So it could have been that this correlation was revealed to Galileo during the experimentations he performed with his father, and the root of these physics could very well be music. it seems to me that we have the same initial state give rise to a similar effect, demonstrated by two phenomena, connected through the bridge of the Monochord acting as a phase transition acting on the energy of the stone. 

The various stones fall at the same rate and the various sound waves travel at the same rate.

Of course these are conjectures; it might not be the way his train of thought worked out. But I think there is a chance, and it is an interesting proposition, and it shows that the Law of moving bodies can be deduced with this old instrument, the monochord.

To close, it is interesting to know that in the past ten years the relationship between science and music has been revived and has revealed to us elements in our data set that would not be so easy to discern if the information was offered to us visually only. There are many examples – from exoplanet systems, asteroseismology, gravity waves, and so on. (View my previous posts)

When you listen to the music of Galileo’s time, it is important to try to imagine what was the acoustic environment in which it was conceived and performed. It clearly illustrates the unique position he held in the history of human knowledge with one foot in the ancient world and the other in the modern world. He was, to use a trendy word, an inflection point not possible without the past but enabling the future.

Sounds from deep space

Since the detectors of the electromagnetic spectrum in which we bathe are receiving the full spectrum of its emissions, and since the visual part of this spectrum (the one we can see with our eyes) is only a small part of its range, we have to “transpose” its data so that we will be able to match our senses. This is usually understood as making it accessible to our eyes, as we are an intensely visual civilization. But the sound spectrum is increasingly being used, and there are several reasons for this development.

Originally the emphasis was to give access of the data to visually impaired by translating images into sounds. The basic principle is to render higher data entries into higher frequencies and the lower ones into lower frequencies, a result resembling sine wave (for example) will be translated in an undulating pitch recalling the sound of an ambulance siren (the European kind).

But in reality when you get a data feed from an observatory, the results are much more complex.

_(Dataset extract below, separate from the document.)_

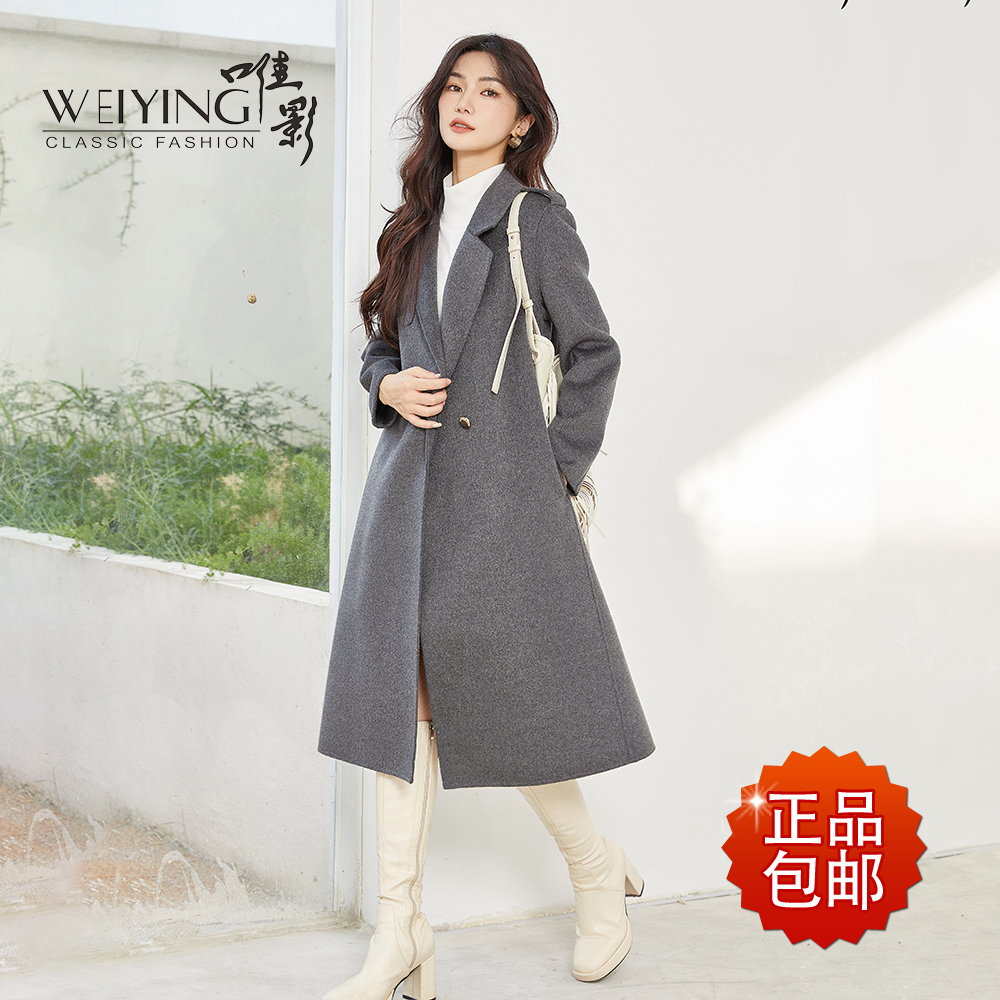 唯影羊绒双面中长款休闲修身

Most of the pretty pictures form space of nebulas and far-flung galaxies are in a good portion made by “transposition of data” that our eyes can’t see, and these can be sonified and the results can be as pleasing to the ears as the pretty picture you see in magazines or online.

But there are some data that is timed, meaning that they develop on a time scale. They are not still and instead of the picture, we need a video. For this kind of data, sound is as good or even better to understand with sonification, in particular to detect patterns. Here’s an example which represents Fast Radio Burst or FRBs for short, these are mysterious events from deep space, and I mean deep- billions of years in the past. They are massive explosions, most of the time one-offs, but some repeat. We have not yet understood what causes them; one of the explanations is that they could be from a rare type of star called a magnetar, which are collapsed stars with a very strong magnetic field. Here are two ways to represent them:

Video of the event

Sonification of the event:

You can judge as to which one conveys the jumps between high and low frequencies.

For another example: let’s look at data that is only usable using sonification:

One of the hardest things to find out about objects in the universe is to assess their distances. There are several methods that work for different distances: parallax, type A supernovas (also known as standard candles), redshifts, etc. I won’t go into details about these, but the farthest the objects are, the less accurate the distances are. Furthermore, it is important to be able to double check the results with at least two modes of investigation.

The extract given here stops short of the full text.